Although the primary goal of persuasive writing is to bring an "undecided" audience around to the writer's viewpoint, a secondary goal (and more difficult to achieve) is to convince a "decided" audience audience to "switch sides." In this case, the first step is to understand why the target audience holds that opinion. With your class, make a list of debatable questions. Here are some examples:
  • Should schools have a no-homework policy?

  • Should all students be required to learn a foreign language?

  • Should students be allowed to skip grade levels if their school work is exceptional?

Now discuss what it means to be objective: to consider all the angles that relate to a topic without stating any personal opinions. Select a question and together list reasons that support both affirmative and negative answers. Keep the same number of reasons in each list. Here's an example:

Do snack and soda machines belong in school cafeterias?

  • Yes:(1) Kids get hungry during afterschool club meetings and sports practices and need a place to get snacks.(2) Visitors to the school campus might appreciate snack and drink machines.

  • No:(1) Most vending-machine food is not nutritious. (2) There may be more litter on the school grounds from carelessly discarding wrappers and bottles.
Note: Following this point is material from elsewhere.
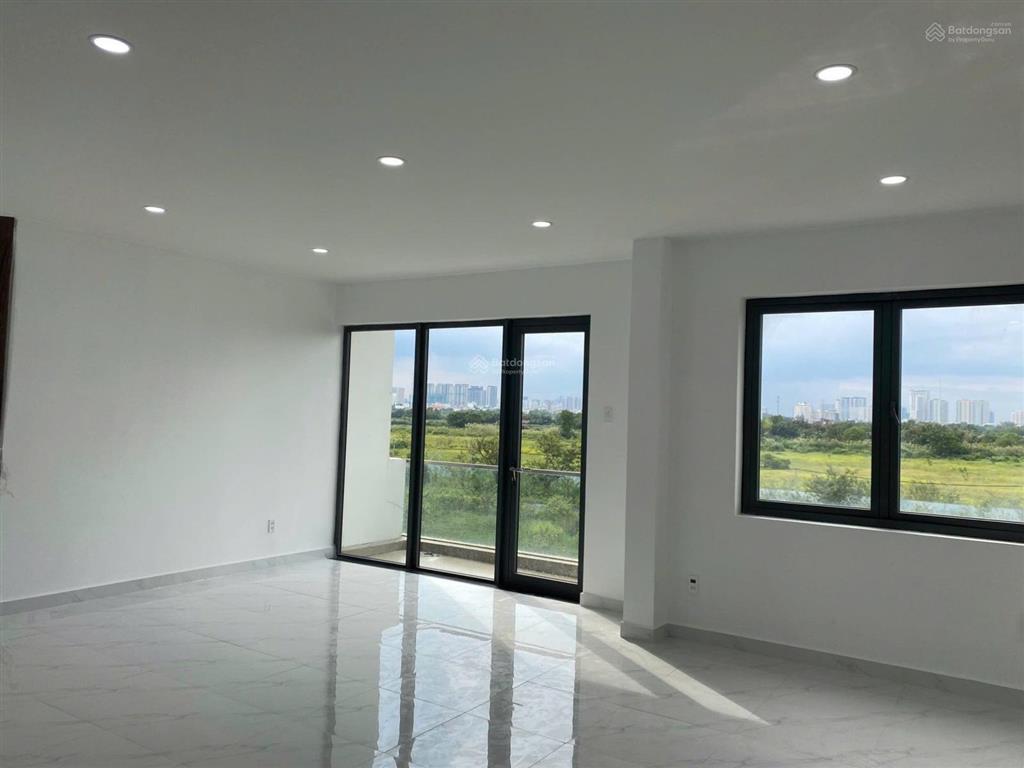 Hùng cát lái  bán nhà phố lavila 2, dt 7x17m, 1 trệt 3 lầu, nhà hoàn thiện 3 pn, 4 wc, shr, 12 tỷ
Create additional debatable questions for your students. Ask each student to select a question and objectively analyze the viewpoints surrounding that question. Strive to list the same number of affirmative and negative reasons. Share and discuss these lists as a class. Get ready for some lively debates!

From fairy tale characters to current issues, I hope these activities have helped introduce the elements of persuasive writing to your kids in an approachable, hands-on way! Enjoy writing persuasively in your creative writing classes!